Waking up on November 8th this year has been a real mixed bag. Doubtless, many of you are getting “one year ago today” reminders from Facebook with photos of you proudly rocking your “I Voted” stickers, all hopeful, confident smiles as Hillary Clinton stood to make history as the first female President of the United States.
Oof. Yeah. Still stings. There’s not enough Neosporin in the world to disinfect some of the wounds that have been opened this year, and to say that it’s been a frustrating, terrifying ten months for wide swaths of the population is laughably inadequate.
But this morning also brings with it some shiny new bright spots: Democrats scored some of the biggest and most significant wins since Trump took office, and it was a *huge* night for female candidates. It’s widely being viewed as a rejection of the Trump administration’s leadership and policies. Behold:
- With a more decisive win than expected in what was considered to be one of the most significant battles of Election Day, Democrat Ralph Northam defeated Ed Gillespie in the gubernatorial race in Virginia. Though Gillespie distanced his campaign from Trump himself, he largely ran on the same anti-immigration, “law and order” platform. But Virginia said “nay.”
- Elsewhere in Virginia, Democrats wiped out the Republican majority in the state House of Delegates, gaining control of at least 15 seats in what’s considered a major upset. And among those badasses…
- Former journalist Danica Roem made history by becoming the first openly transgender elected official. And here’s the goddamn cherry on top: She ousted 13-term incumbent Robert G. Marshall, who referred to himself as Virginia’s “chief homophobe” and was the author of a transphobic “bathroom bill” that never got the votes to move forward.
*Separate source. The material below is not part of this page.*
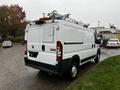 A white 2018 RAM Promaster van with a ladder rack on the roof and rear doors partially open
- Elizabeth Guzmán and Hala Ayala became the first Latinas elected to the Virginia House of Delegates, beating out long-term incumbents and adding authoritative punctuation on the message sent by sweeping Democratic wins in Virginia.
- Democrat Jenny Durkan won the mayoral race in Seattle, Washington, becoming the first female mayor there in nearly a century. She is replacing former Mayor Ed Murray, who resigned in September after allegations of child sex abuse emerged.
- Democrat Vi Lyles became the first black woman to be elected Mayor of Charlotte, North Carolina, beating out City Councilman Kenny Smith in a 58-41 vote.
- Democrat Phil Murphy ousted Republican Chris Christie in New Jersey’s gubernatorial race, putting an end to Christie’s eight-year reign.
All in all, many reasons to celebrate, not the least among them the history-making women who won big yesterday.
But for all the hard work it took to yield these results, this is only the beginning. The 2018 midterm elections stand to be one of the most high-stakes races in recent history. Women have demanded a seat at the table like never before over the course of this last year, and must continue to do so. Below, check out these resources on how to get involved with political campaigns and even run for office yourself (do it!):
- Emily’s List is a training platform for women seeking office. Less than a year after the 2016 election, the organization reported that upwards of 20,000 women have reached out seeking information on running for office.
- She Should Run is currently running a campaign to get 250,000 women running for elected office by 2030. Get in there, girlfriend.
- Women’s Campaign School at Yale University is a non-partisan organization dedicated to training women as they seek elected office.
- Run Women Run trains pro-choice women to run for elected office.
- Elect Her is specifically geared at female college students interested in running for office.
'Tis begun. Keep getting out there and being the change, game-changers.